The cells of the immune system are located at different tissues and serve different roles in host defense.


Granulocytes are at the front lines of attack during an immune response. They are a part of the innate immune system. Granulocytes are white blood cells (leukocytes) that are classified as neutrophils, basophils, mast cells, or eosinophils based on differences in cellular morphology and the staining of their characteristic cytoplasmic granules. All granulocytes have multi lobed nuclei that make them visually distinctive and easily distinguishable from lymphocytes, whose nuclei are round. The cytoplasm of all granulocytes is replete with granules that are released in response to contact with pathogens.
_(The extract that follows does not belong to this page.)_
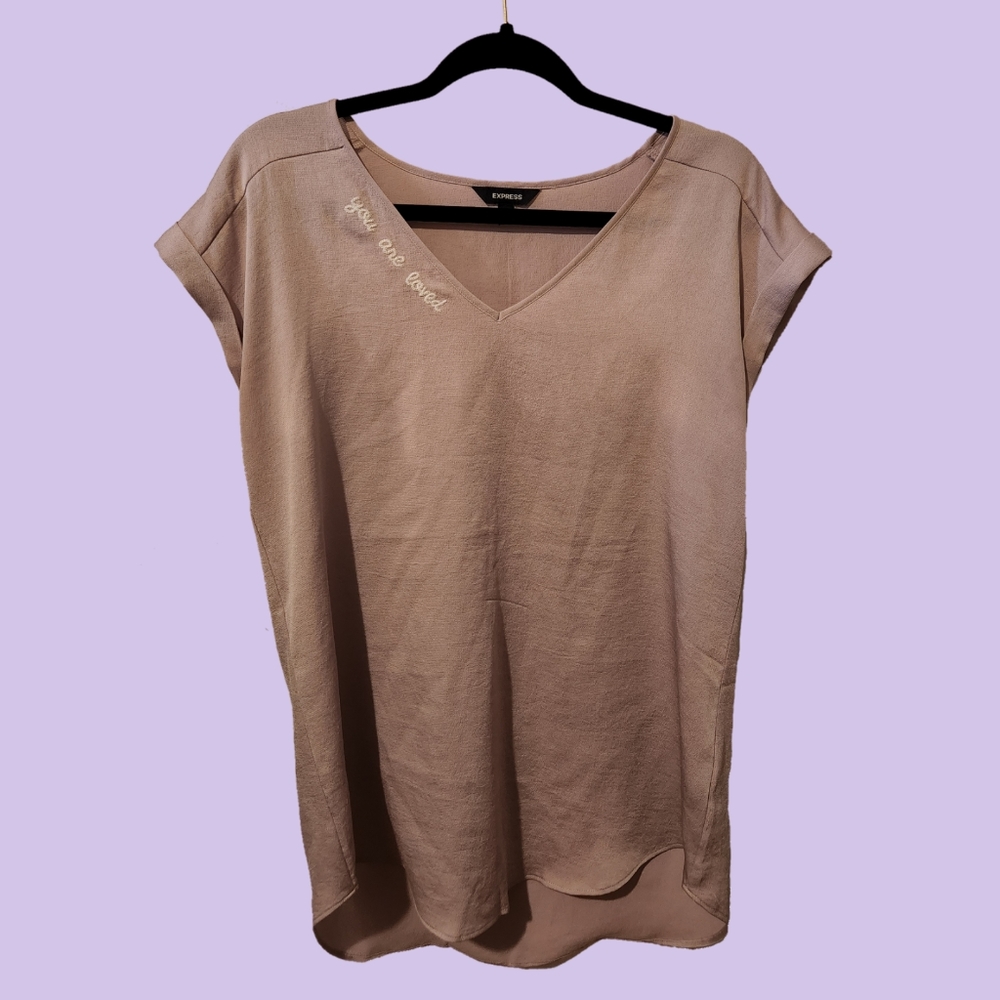 Express Blush/Pink "You are loved" Embroidered V-Neck Short-Sleeved Shirt, M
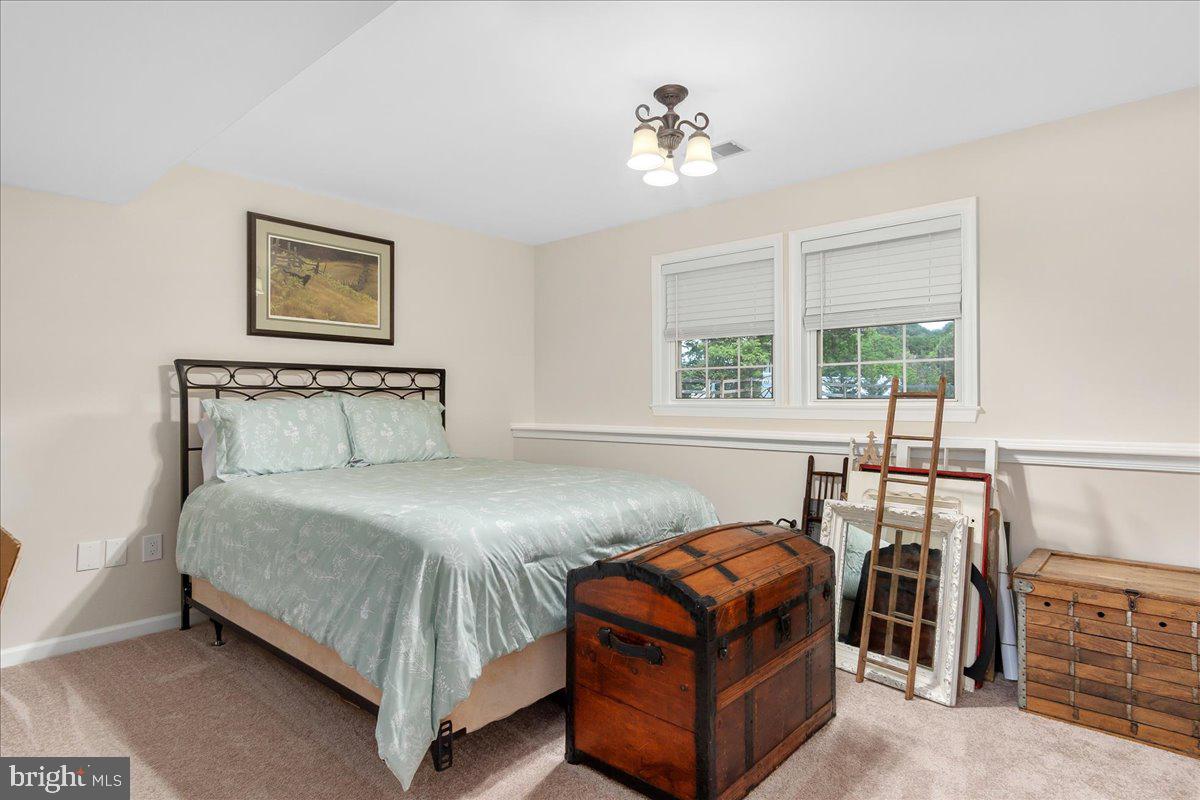 FAIRWAY MEADOWS - Residential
These granules contain a variety of proteins with distinct functions. Granulocytes includes mast cells, neutrophils, basophiles and eosinophiles. Proteins like proteases, Histamines, ribonucleases, and Lipid mediators are present inside the cytoplasm of the granulocytes in the form of granules.

Tissues of the Immune System:

The tissues of the immune system consist of the generative lymphoid organs, in which T and B lymphocytes mature and become competent to respond to antigens. And the peripheral lymphoid organs, in which adaptive immune response to microbes are initiated.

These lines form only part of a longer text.